- [Input data]
BEGIN
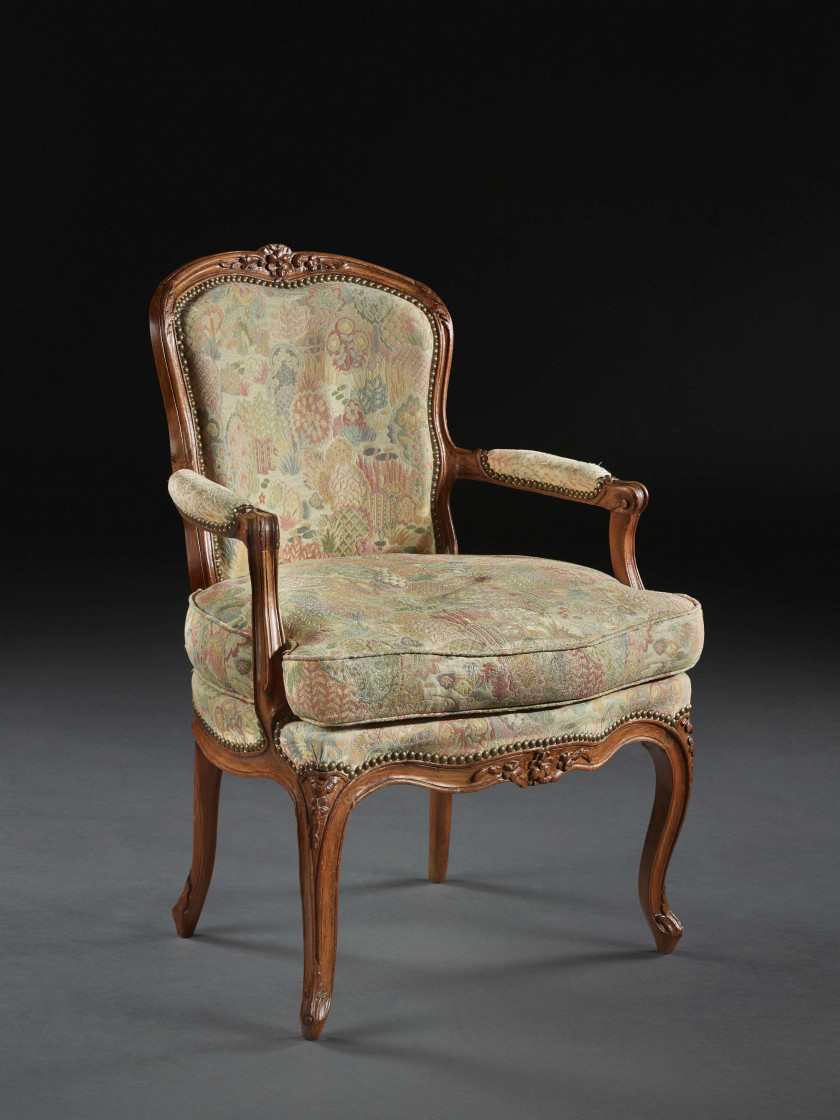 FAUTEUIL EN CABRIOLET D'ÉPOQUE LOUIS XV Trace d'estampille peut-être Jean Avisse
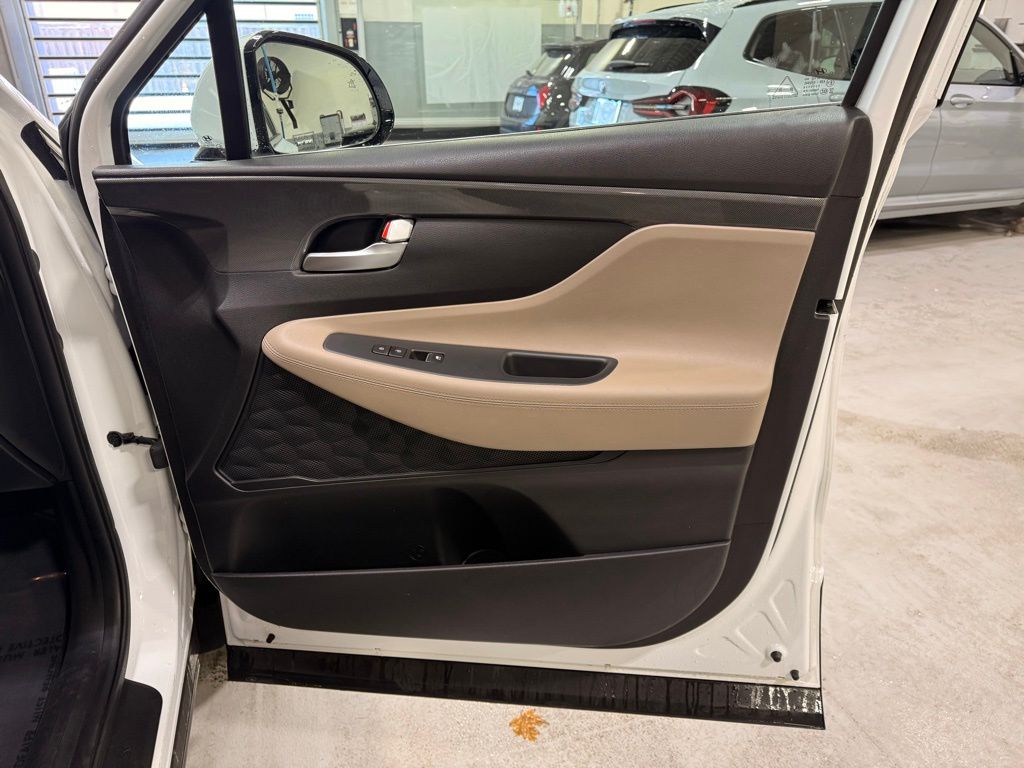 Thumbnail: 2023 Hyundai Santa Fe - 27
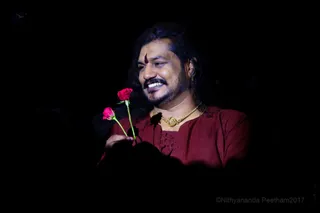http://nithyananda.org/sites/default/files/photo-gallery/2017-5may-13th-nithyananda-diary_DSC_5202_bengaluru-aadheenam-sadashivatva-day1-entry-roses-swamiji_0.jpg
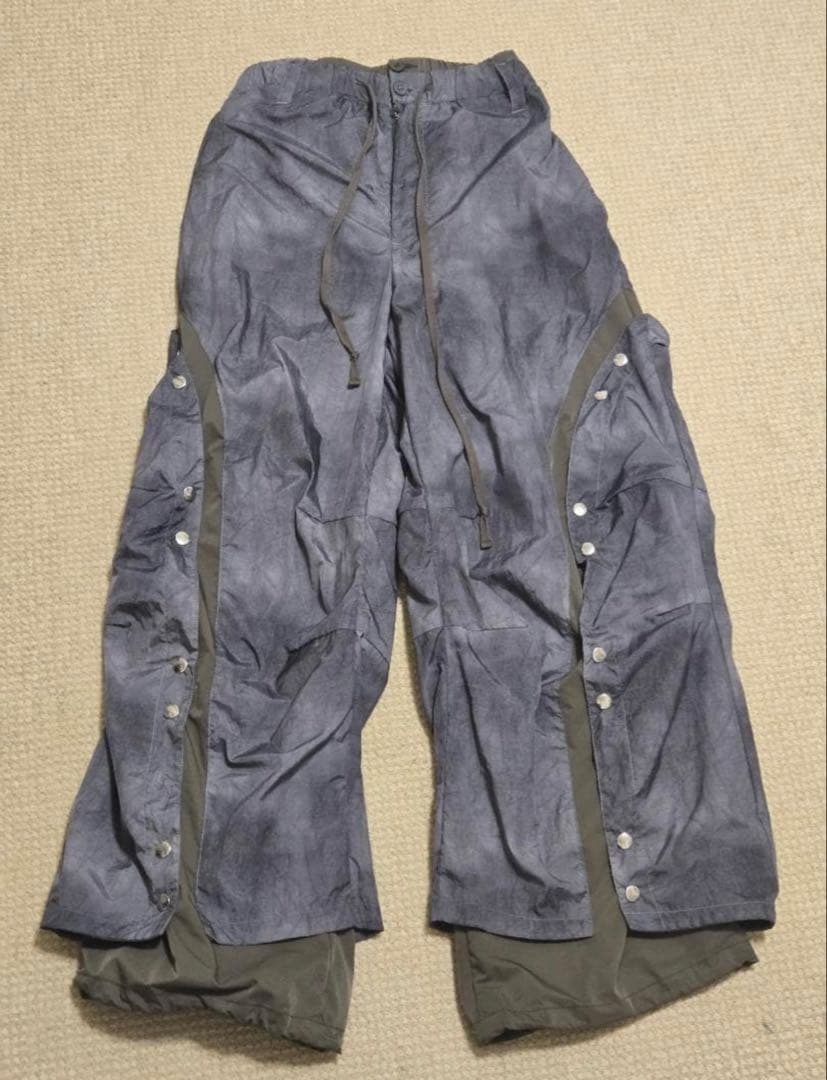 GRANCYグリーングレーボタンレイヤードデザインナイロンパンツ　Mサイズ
END
- [What to do] The range to transcribe runs from the line holding "Thumbnail: 2023 Hyundai Santa Fe - 27" through the final line of the data above; copy it exactly and exclude the pictures.

- [Written answer]
 Thumbnail: 2023 Hyundai Santa Fe - 27
http://nithyananda.org/sites/default/files/photo-gallery/2017-5may-13th-nithyananda-diary_DSC_5202_bengaluru-aadheenam-sadashivatva-day1-entry-roses-swamiji_0.jpg
 GRANCYグリーングレーボタンレイヤードデザインナイロンパンツ　Mサイズ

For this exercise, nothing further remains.